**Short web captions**
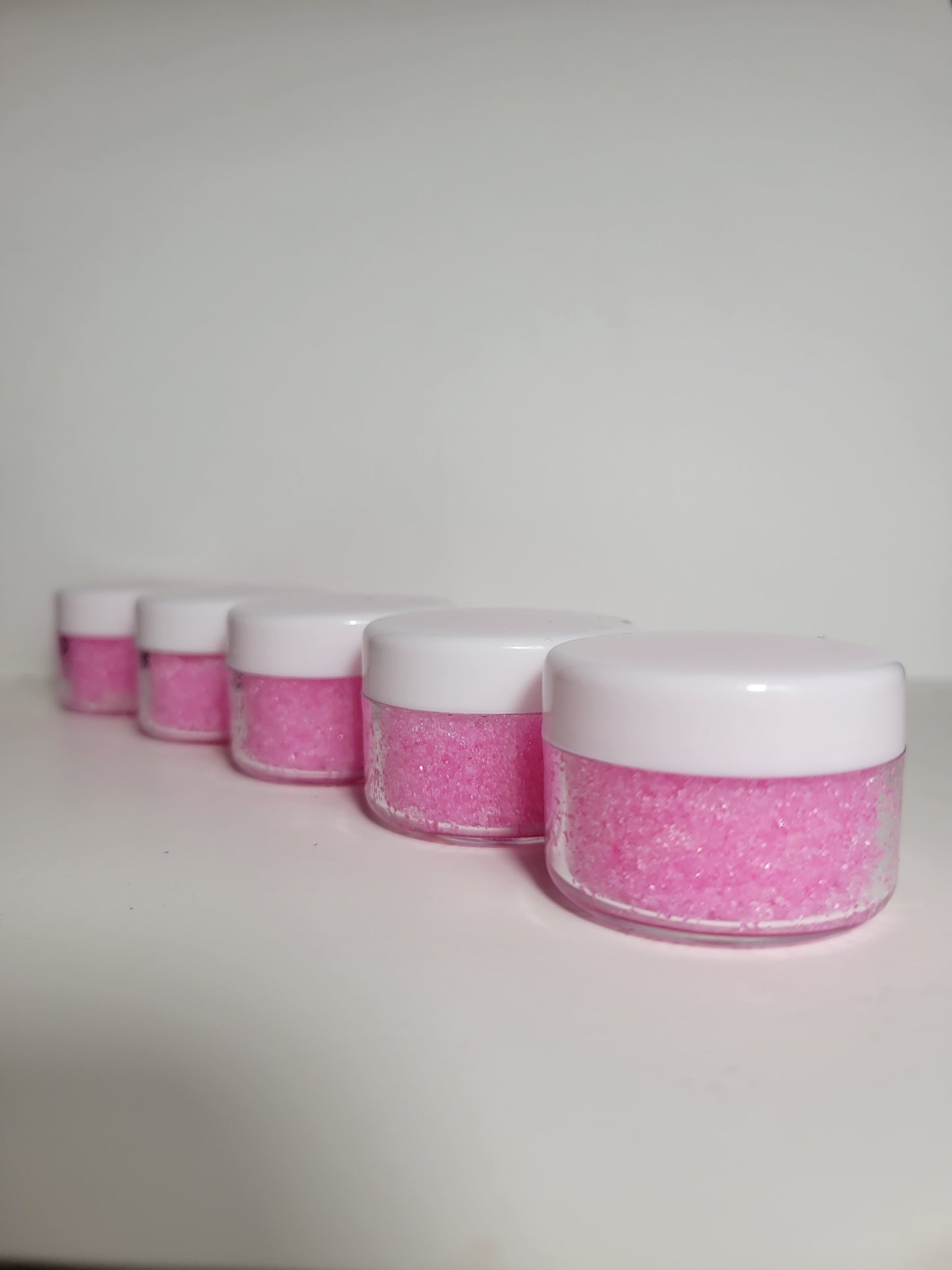 Strawberry Cosmo Lip Scrub (Pre-filled)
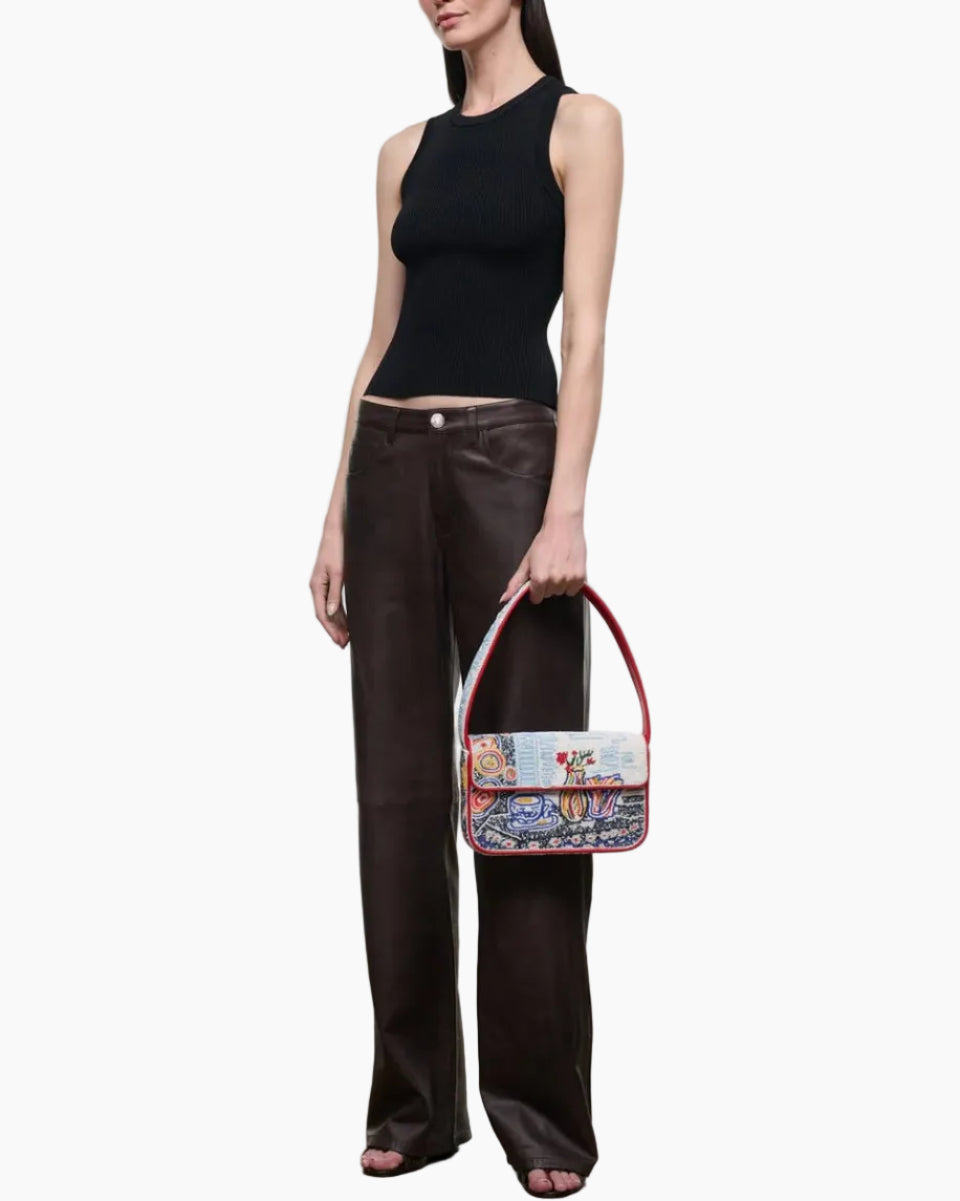 TOMMY BEADED BAG - TEATIME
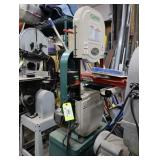 Grizzly model G0555 14 in. Vertical band saw
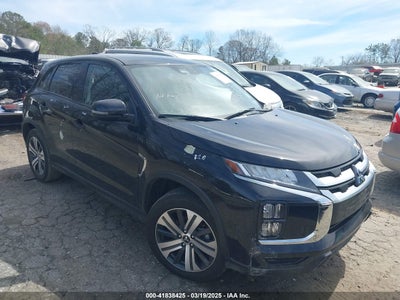MITSUBISHI OUTLANDER SPORT 2024
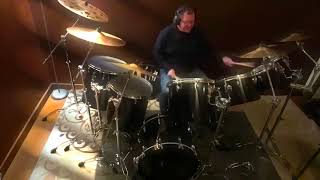 “I cannot believe it’s true” Phil Collins drum cover #philcollins  #philcollinsdrumcover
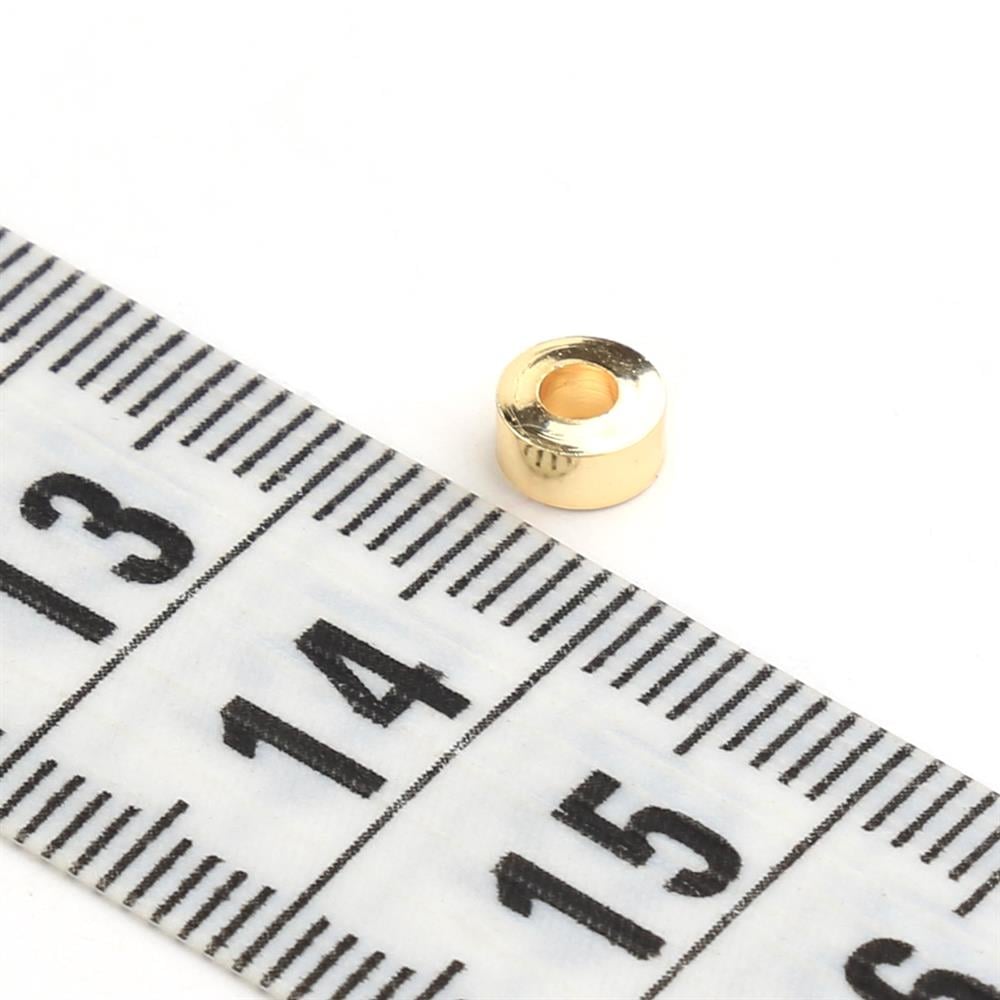 Silindir Boncuk 10 Adet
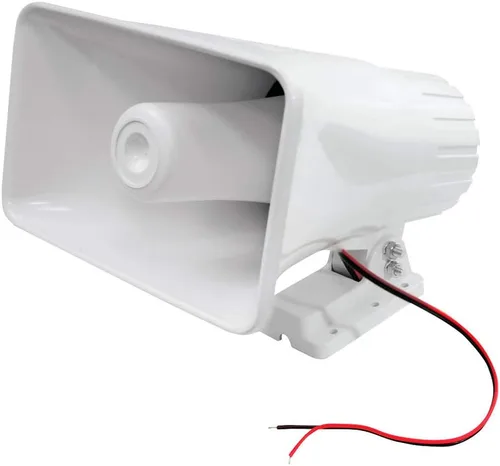 Vista 5 de Pyle Micrófono inalámbrico Amplificador Bluetooth Receptor de audio estéreo - Incluye micrófono inalámbrico, altavoz PA para interiores y exteriores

**Exercise requirements**
Please write out exactly the lines from the one containing "Silindir Boncuk 10 Adet" through the last line of the records above, and leave out any pictures.

**Expected answer**
 Silindir Boncuk 10 Adet
 Vista 5 de Pyle Micrófono inalámbrico Amplificador Bluetooth Receptor de audio estéreo - Incluye micrófono inalámbrico, altavoz PA para interiores y exteriores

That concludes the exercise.